» EXERCISE DESCRIPTION: Leaving out all pictures, return exactly the lines from the one that contains "Jungle Big One Boys Birthday-inbjudan" through the end of the data below.

» SOURCE DATA:
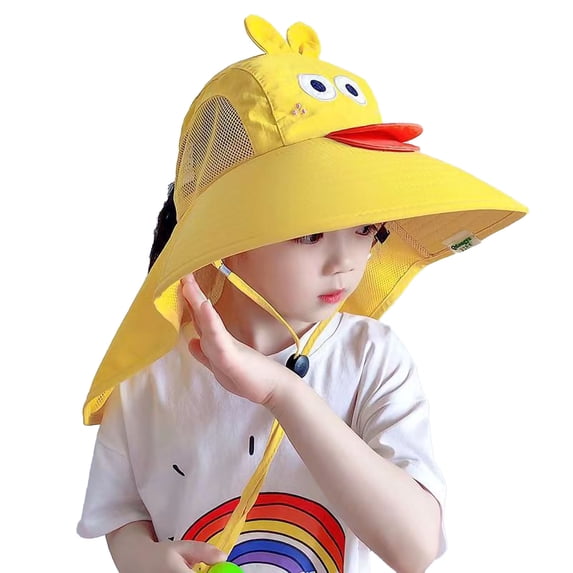 Xfvqtps Kids Sun Visor Hat with Neck Flap Mesh Breathable Wide Brim Adjustable Strap Sun Protection Foldable Packale Summer Sun Beach Cap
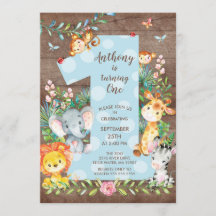 Jungle Big One Boys Birthday-inbjudan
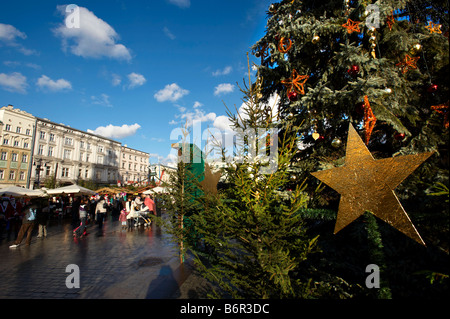 Les marchés de Noël Cracovie Pologne Banque D'Images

» RESPONSE:
 Jungle Big One Boys Birthday-inbjudan
 Les marchés de Noël Cracovie Pologne Banque D'Images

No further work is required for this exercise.